◆ **Action item**:
Reproduce exactly the lines of this material that begin at the line with "포토 JPG 주간 서양인" and end at the line with "Warnbro WA 6169", both included. Omit the pictures and everything else.

◆ **Dataset records**:
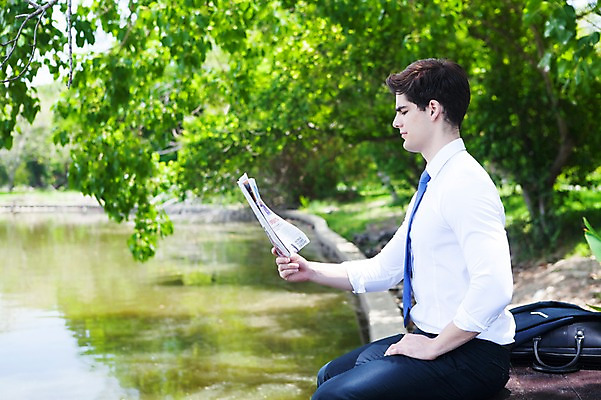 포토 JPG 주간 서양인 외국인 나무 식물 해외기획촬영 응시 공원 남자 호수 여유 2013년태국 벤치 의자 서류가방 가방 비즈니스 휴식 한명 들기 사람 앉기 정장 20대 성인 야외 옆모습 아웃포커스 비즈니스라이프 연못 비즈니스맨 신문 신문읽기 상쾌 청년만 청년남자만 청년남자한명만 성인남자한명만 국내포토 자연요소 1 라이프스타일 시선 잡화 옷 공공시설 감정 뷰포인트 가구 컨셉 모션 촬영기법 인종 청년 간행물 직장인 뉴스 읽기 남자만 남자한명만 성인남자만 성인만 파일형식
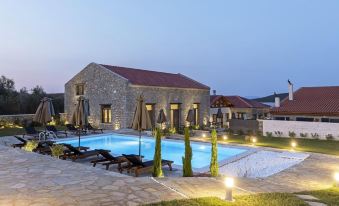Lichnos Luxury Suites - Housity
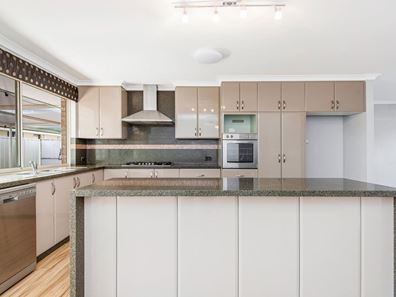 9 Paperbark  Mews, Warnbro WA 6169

---

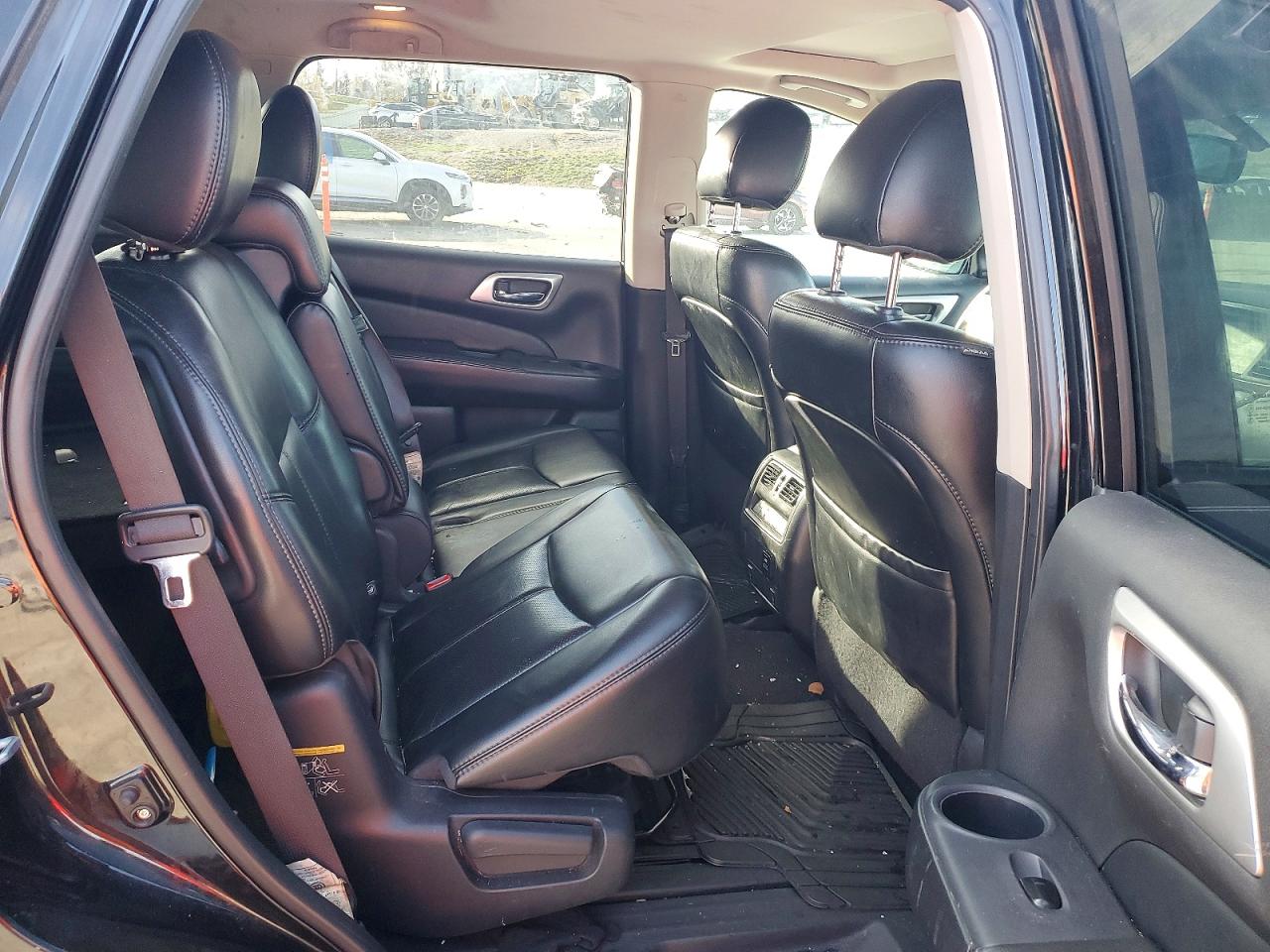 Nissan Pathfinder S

◆ **Response to this task**:
 포토 JPG 주간 서양인 외국인 나무 식물 해외기획촬영 응시 공원 남자 호수 여유 2013년태국 벤치 의자 서류가방 가방 비즈니스 휴식 한명 들기 사람 앉기 정장 20대 성인 야외 옆모습 아웃포커스 비즈니스라이프 연못 비즈니스맨 신문 신문읽기 상쾌 청년만 청년남자만 청년남자한명만 성인남자한명만 국내포토 자연요소 1 라이프스타일 시선 잡화 옷 공공시설 감정 뷰포인트 가구 컨셉 모션 촬영기법 인종 청년 간행물 직장인 뉴스 읽기 남자만 남자한명만 성인남자만 성인만 파일형식
Lichnos Luxury Suites - Housity
 9 Paperbark  Mews, Warnbro WA 6169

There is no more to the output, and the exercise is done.